Advances in Geosciences (Jan 2005)
Spatial modelling of air pollution in urban areas with GIS: a case study on integrated database development
Abstract
A wide range of data collected by monitoring systems and by mathematical and physical modelling can be managed in the frame of spatial models developed in GIS. In addition to data management and standard environmental analysis of air pollution, data from remote sensing (aerial and satellite images) can ehance all data sets. In spite of the fact that simulation of air pollutant distribution is carried out by standalone computer systems, the spatial database in the framework of the GIS is used to support decision-making processes in a more efficient way. Mostly, data are included in the map layers as attributes. Other map layers are carried out by the methods of spatial interpolation, raster algebra, and case oriented analysis. A series of extensions is built into the GIS to adapt its functionality. As examples, the spatial models of a flat urban area and a street canyon with extensive traffic polluted with NOx are constructed. Different scales of the spatial models require variable methods of construction, data management, and spatial data sources.
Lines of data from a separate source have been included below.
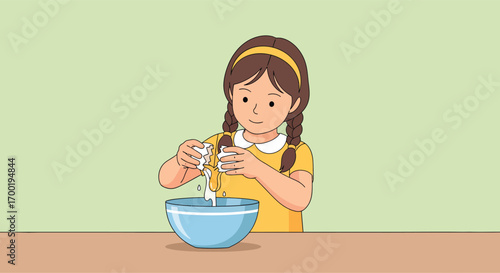 Young girl with pigtails carefully pouring powder into a bowl.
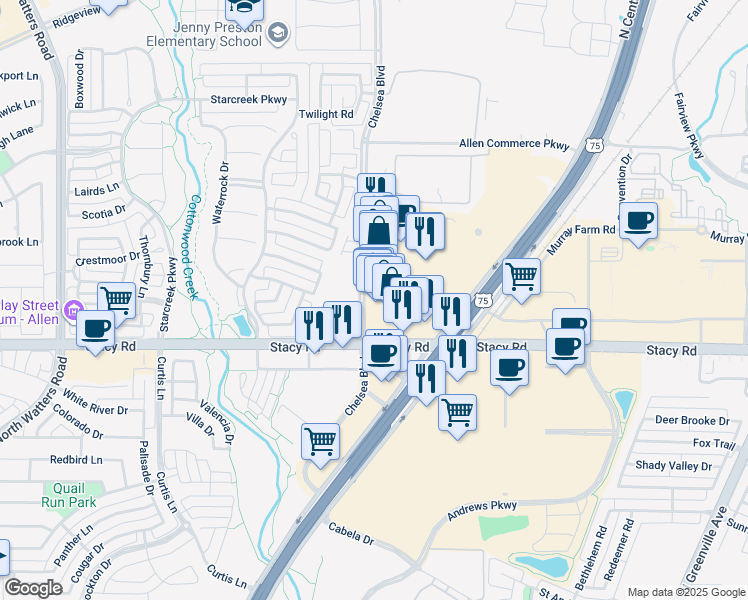 map of restaurants, bars, coffee shops, grocery stores, and more near 820 Stacy Road in Allen
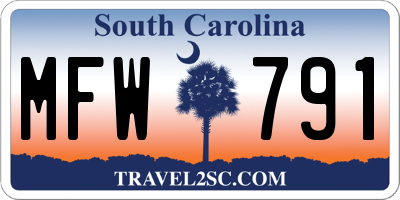 SC license plate MFW791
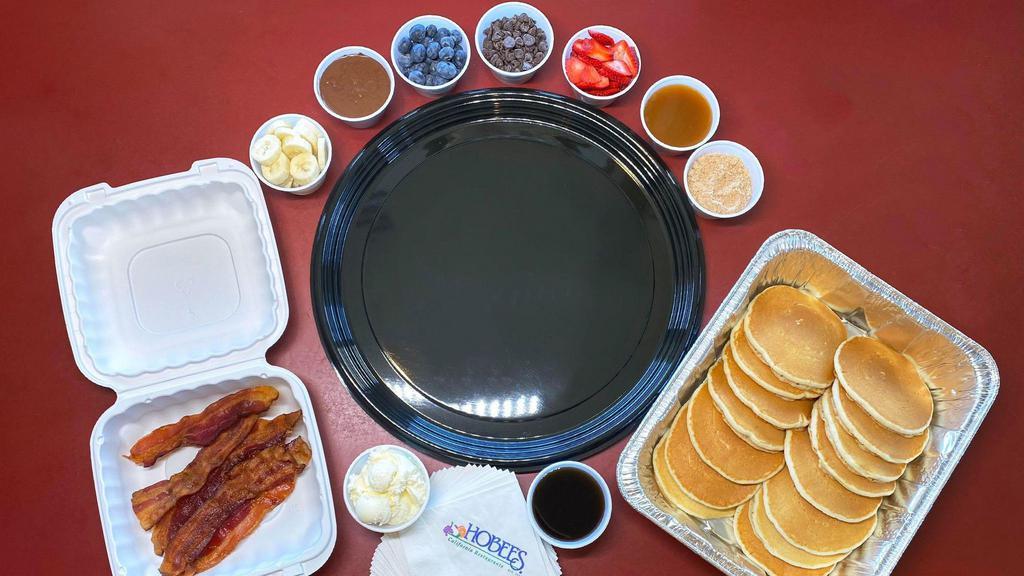 DIY Pancake Charcuterie · 15 3 inch pancakes, choice of 4 toppings, and 6 pieces of your selected meat.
The measurement of NOx and O3 by an automatic monitoring system and data from the differential absorption LIDAR are used for investigation of air pollution. Spatial data contain digital maps of both areas, complemented by digital elevation models. Environmental analyses represent spatial interpolations of air pollution that are displayed in horizontal and vertical planes. Case oriented analyses are mostly focused on risk assessment methods. Finally, the LIDAR monitoring results and the results obtained by modelling and spatial analyses are discussed in the context of environmental management of the urban areas. The spatial models and their extensions are developed in the framework of the ESRI's ArcGIS and ArcView programming tools. Aerial and satellite images preprocessed by the ERDAS Imagine represent areas of Prague.